No 2301, Working Papers from The Institute of Economics, Zagreb

Abstract: This paper aims to shed light on gender differences in firm performance in a period that entails an unprecedented crisis with specific effects on gender roles, i.e., COVID-19. The analysis focuses on Croatian high-tech manufacturing and knowledge-intensive service sector SMEs. Previous literature indicates that the obstacles the SMEs face may be even more significant for women-owned firms. Specifically, women entrepreneurs find it more challenging to secure social and financial capital. Women often face restrictions on their working hours due to societal pressure and family obligations, and they are rarely well-connected because they are often not members of influential business networks.
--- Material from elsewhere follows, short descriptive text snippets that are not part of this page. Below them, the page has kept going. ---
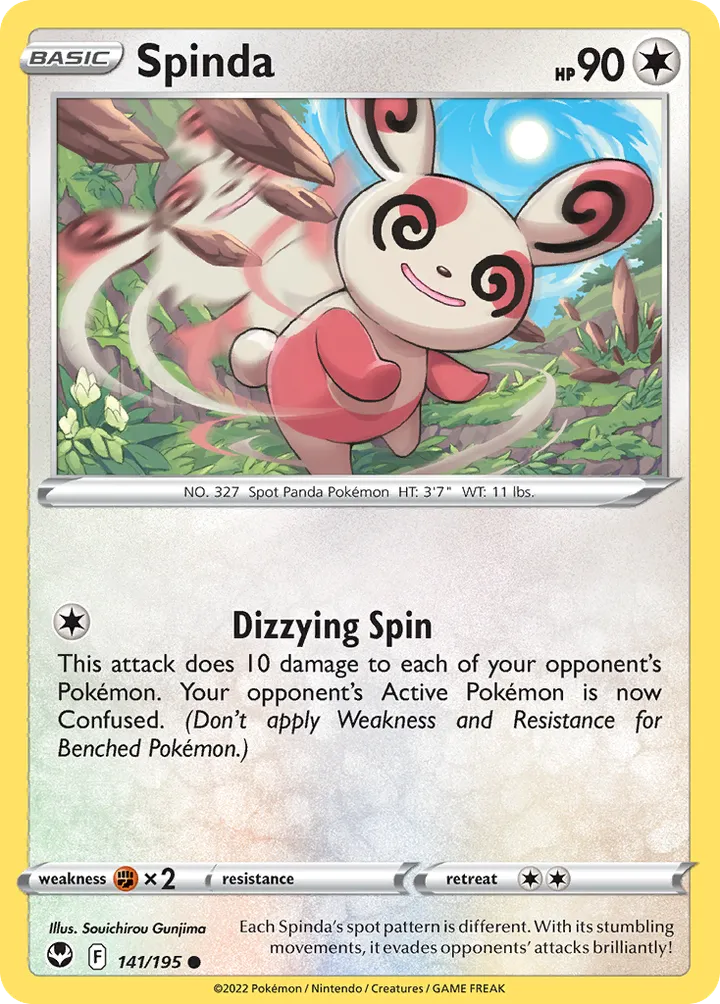 Sword & Shield—Silver Tempest 영어판 Spinda 141 카드 앞면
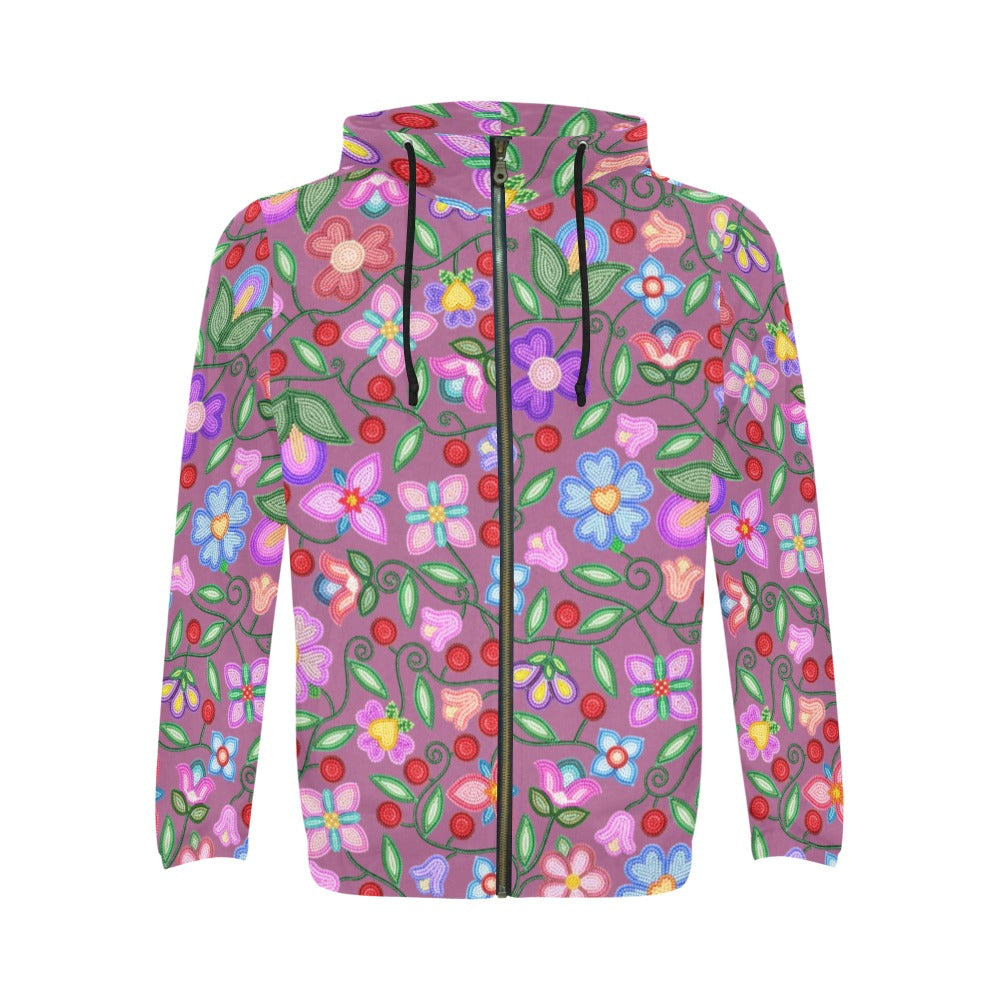 Petal Harmony Dusty Rose Men's Zipper Hoodie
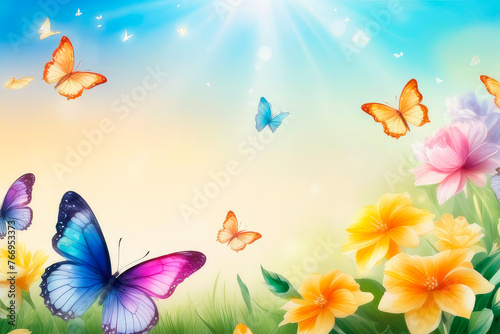 Floral spring natural background with flowers on meadow. © EL_design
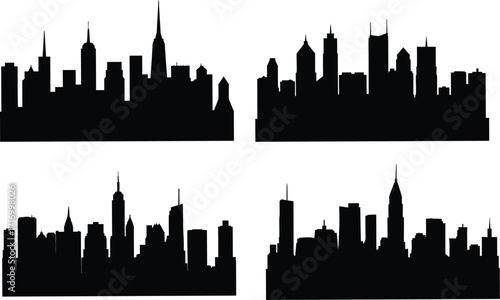 city skyline silhouette on transparent background. city skylines collection of urban cityscapes on white background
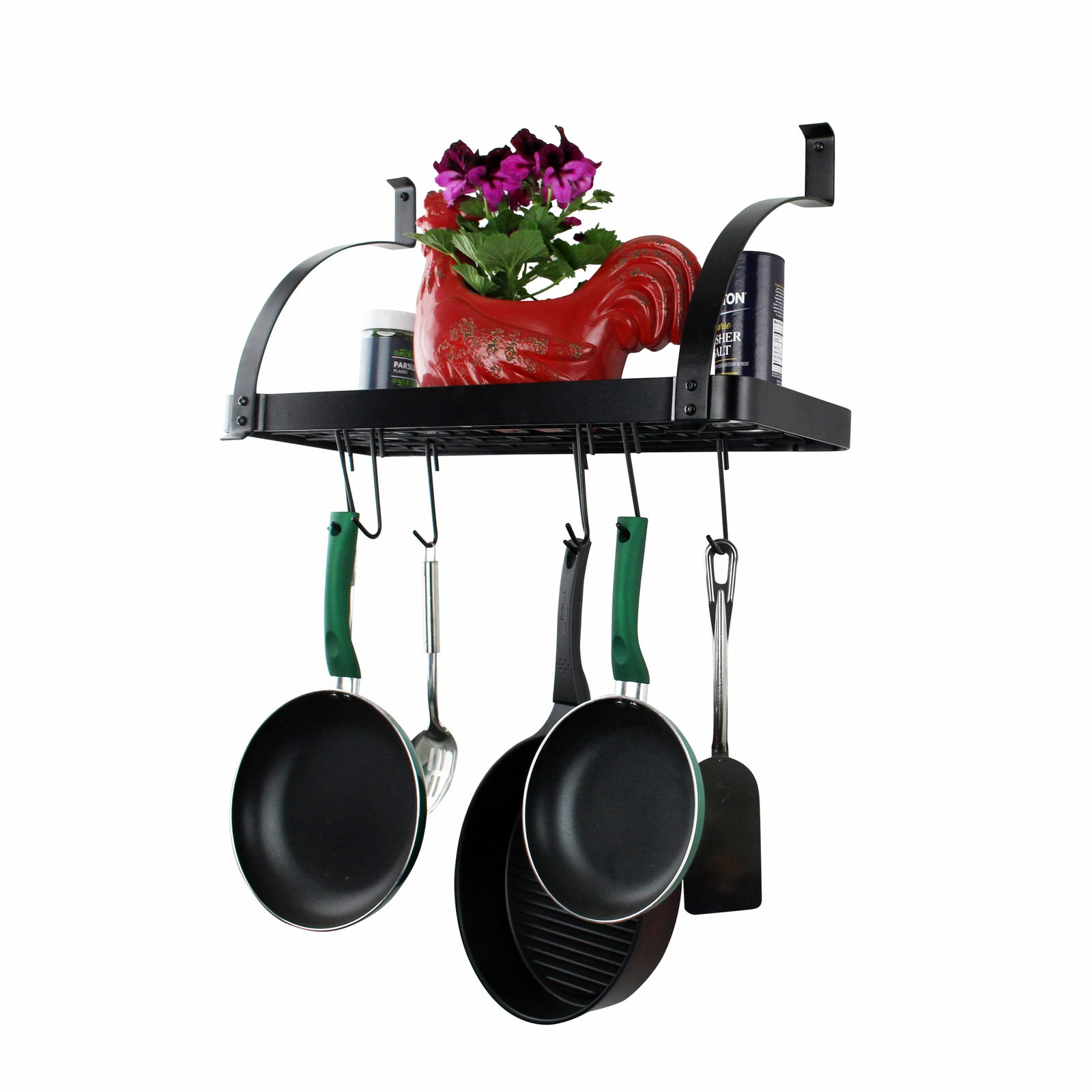 Rack It Up 24" Black Bookshelf Wall Rack with Curved Arms and 8 Hooks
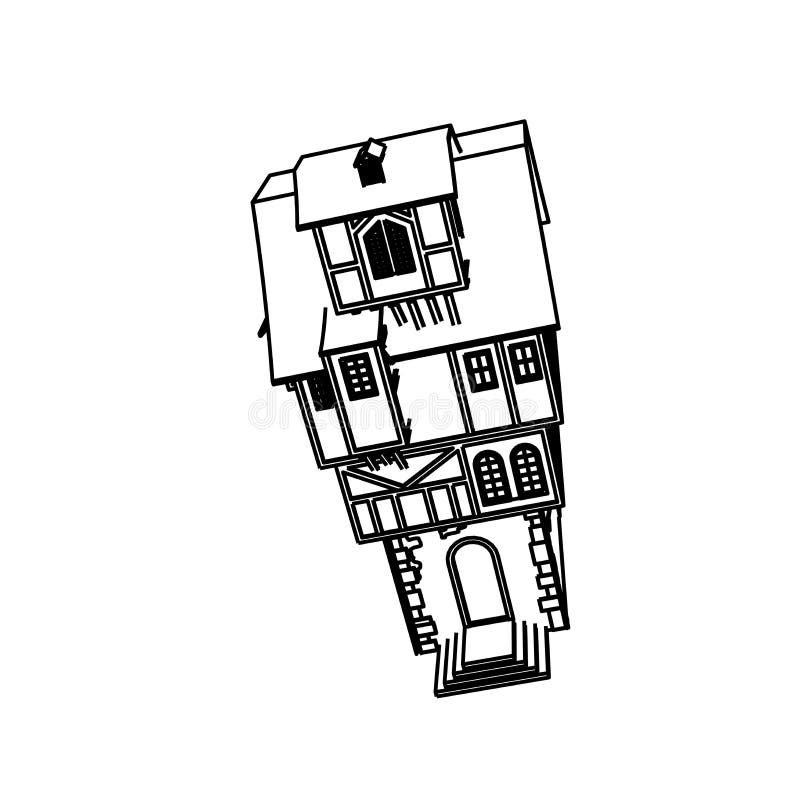 Line Art design of Medieval House high stock illustration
Literature also suggests that the usual pressures on female working hours have disproportionally increased during the COVID-19 imposed lockdowns, so the general expectation is that women entrepreneurs were not able to cope equally with the changed market circumstances. In this study, we consider a causation-effectuation management framework to investigate how women- and men-owned SMEs used these management styles to address the business challenges in the COVID-19 crisis. Our contribution aims explicitly to answer the invitation made in recent literature to explore how gender influences the effects of the four dimensions of effectuation on firm performance.

Keywords: women entrepreneurship; firm performance; management styles; COVID-19 (search for similar items in EconPapers)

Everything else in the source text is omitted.